Learn about multilevel physiologic arterial exams (AKA Flolab) at Allegheny Vein and Vascular.
Less commonly, we use this test to diagnose and characterize upper extremity arterial disease and thoracic outlet syndrome.
FloLab exams take about 1 hour to complete and is performed with the patient laying down flat – this is because arm and leg pressures are compared with the limbs resting at the same level as the heart.
The Flolab test has three parts:
SEGMENTAL PRESSURES: these are blood pressure readings taken from all pressure cuffs; the leg pressures are then compared to the arm pressures.
When the pressure reading at the ankle is used for comparison it is specifically referred to as the Ankle-Brachial Index (ABI). When a toe pressure is taken, the result is called a Toe-Brachial Index (TBI). The TBI is particularly useful when the patient has feet and toe wounds.
A person with little or no arterial disease, will have very similar blood pressure readings in their arms and throughout their legs – thigh, calf and ankle. For example, If their arm pressures are 120mmhg, their leg pressures, down to their ankles will be very similar, maybe 100mmhg. Their ABI is calculated by dividing 100/110 which equals 0.92
For someone with PAD, and depending on where the level of arterial disease is, at least some of the leg and ankle blood pressures will be lower than the arm blood pressures. For example, someone with intermittent claudication may have arm pressures of 150mmhg, thigh pressures of 150mmhg, and calf and ankle pressures of 75mmhg. Obviously, there is a drop off in pressure between the thigh and calf. Their ABI is calculated by dividing the ankle pressure of 75 by the arm pressure of 150, which equals 0.50. And because the pressure decreases somewhere between the thigh cuff and calf cuff, we can deduce that the patient has moderate femoropopliteal disease consistent with their claudication symptoms.
To sum it up: Segmental Pressures, ABIs, and TBIs are a way to essentially quantify the severity of PAD at different levels in the leg. Typically, the lower the segmental pressure number, the more severe the arterial disease.
Interpreting the Ankle–Brachial Index:
0.90–1.30 Normal
0.70–0.89 Mild
0.40–0.69 Moderate
<0.40 Severe >1.30 Noncompressible vessels (too calcified to compress with the pressure cuffs)
PULSE VOLUME RECORDINGS (PVRs): For this part of the exam, the tech will gently inflate the various leg cuffs.
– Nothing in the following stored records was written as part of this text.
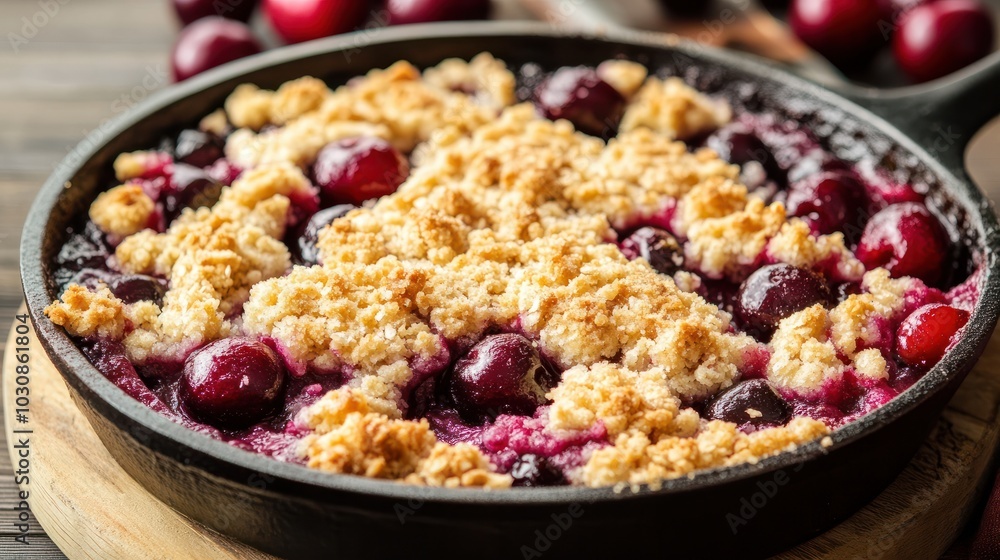 vegan cherry crumble in a skillet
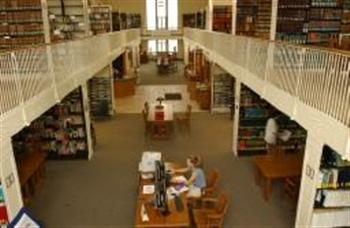 library interior with students studying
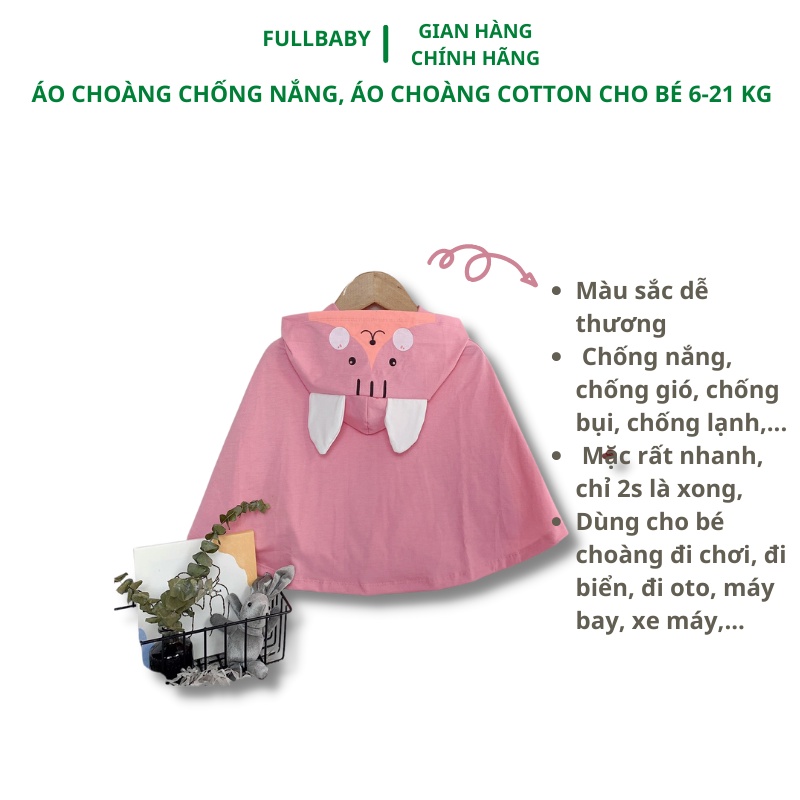 áo choàng chống nắng, áo choàng cánh dơi cotton đa năng cho bé yêu từ 0-4 tuổi (6-21kg)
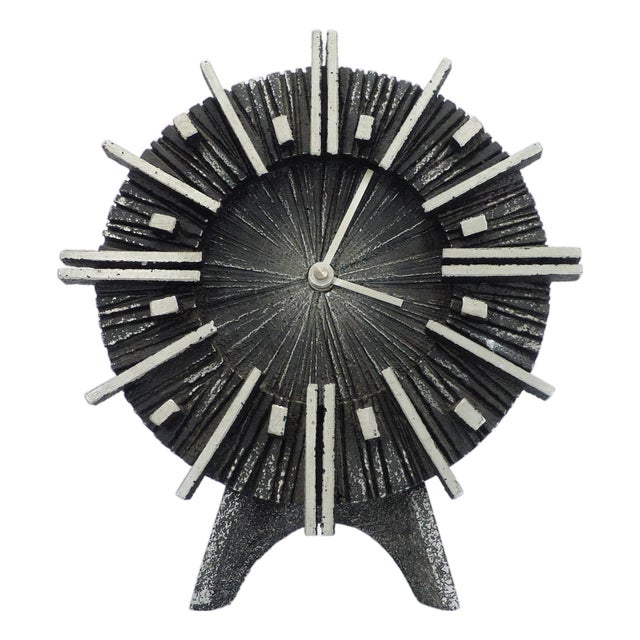 Brutalist Table Clock by Casper Kunstguss, 1960s For Sale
First the thigh cuffs, then the calf, and finally the ankle cuffs. With the cuffs maintaining a gentle pressure, the flolab machine can created a waveform tracing based on the overall volume of blood in the leg as as blood is pumped through the arteries (and moved through veins). Based on how the waveforms look we can assess the overall volume of blood moving through the leg.
How is the PVR waveform useful? Well, for example, even if a main leg artery is blocked with plaque, the patient may have successfully used a supervised walking program to build collaterals around the blockage. If so, their PVR waveforms will look better than expected despite the blockage. This is because a good volume of blood is moving through the collateral and around the blockage.
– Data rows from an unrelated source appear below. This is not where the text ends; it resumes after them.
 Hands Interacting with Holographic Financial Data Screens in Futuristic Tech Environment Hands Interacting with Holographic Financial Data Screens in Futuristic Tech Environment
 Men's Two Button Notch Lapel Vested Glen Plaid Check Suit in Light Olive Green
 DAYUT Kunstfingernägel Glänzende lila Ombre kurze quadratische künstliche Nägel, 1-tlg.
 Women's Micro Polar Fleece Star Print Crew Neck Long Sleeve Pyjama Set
DOPPLERS: A continuous wave doppler stick is used to document arterial waveforms at various locations throughout the feet and legs: the top of the leg (femoral artery), behind the knee (popliteal artery) and two arteries on the foot – one on top (the DPA) and one on the inner ankle (the PTA).
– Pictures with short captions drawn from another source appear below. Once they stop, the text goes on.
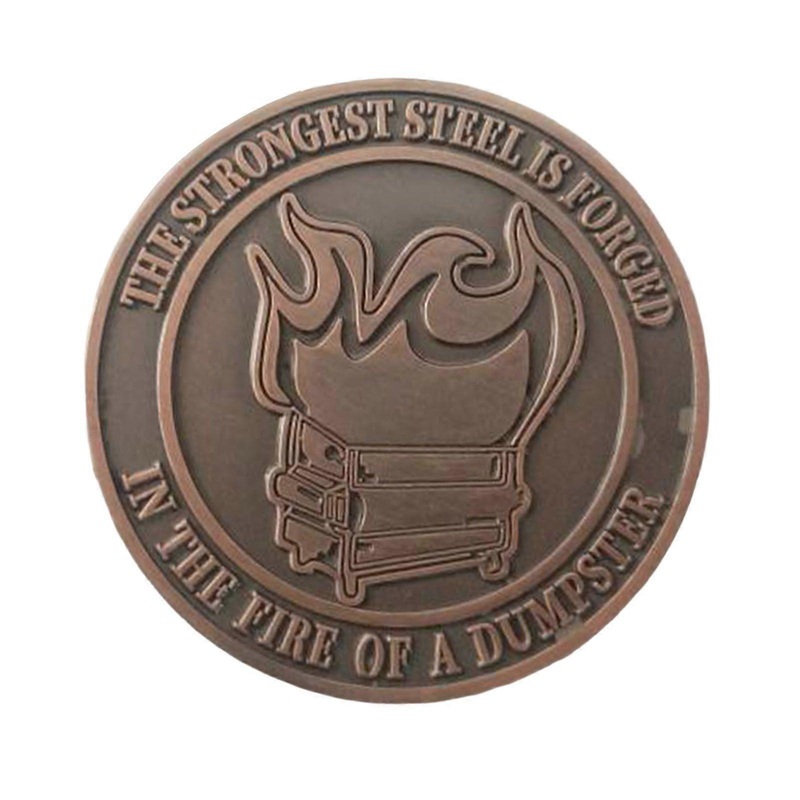 1 Pc/5 Pcs/10 Pcs Ablaze Dumpster Challenge Coin Metal Firefighter Commemorative Coin Funny Collectible Souvenir Coin Gift for Employee Appreciation D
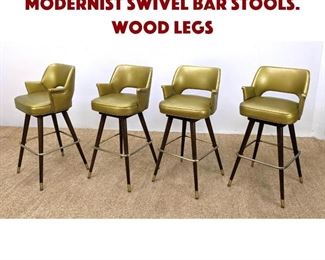 Lot 1444 Set 4 Gold Vinyl Modernist Swivel Bar Stools. Wood legs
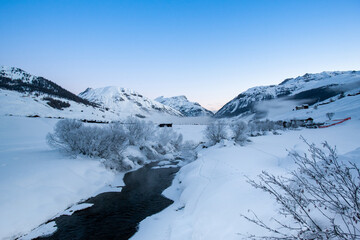 Obraz premium Beautiful winter landscape of the Dolomites mountains in northeastern Italy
The doppler waveforms in a person with little or no leg artery disease will look like the traditional (triphasic) up and down heartbeat pattern everyone is familiar with. For a person with arterial disease, this waveforms will degrade – becoming shorter and rounder (bi or monophasic). The doppler waveforms give us another bit of information to assess the severity of the PAD. In some patients whose arteries are so heavily calcified that the ABI is not reliable, the doppler waveforms is an especially valuable way of assessing the leg arteries.
For patients with feet and toe wounds, we may additionally use a little device called a photoplethysmogram (PPG), which uses a tiny infrared sensor to detect blood volume changes in the small vessels of the toes. This method produces waveforms much like the doppler.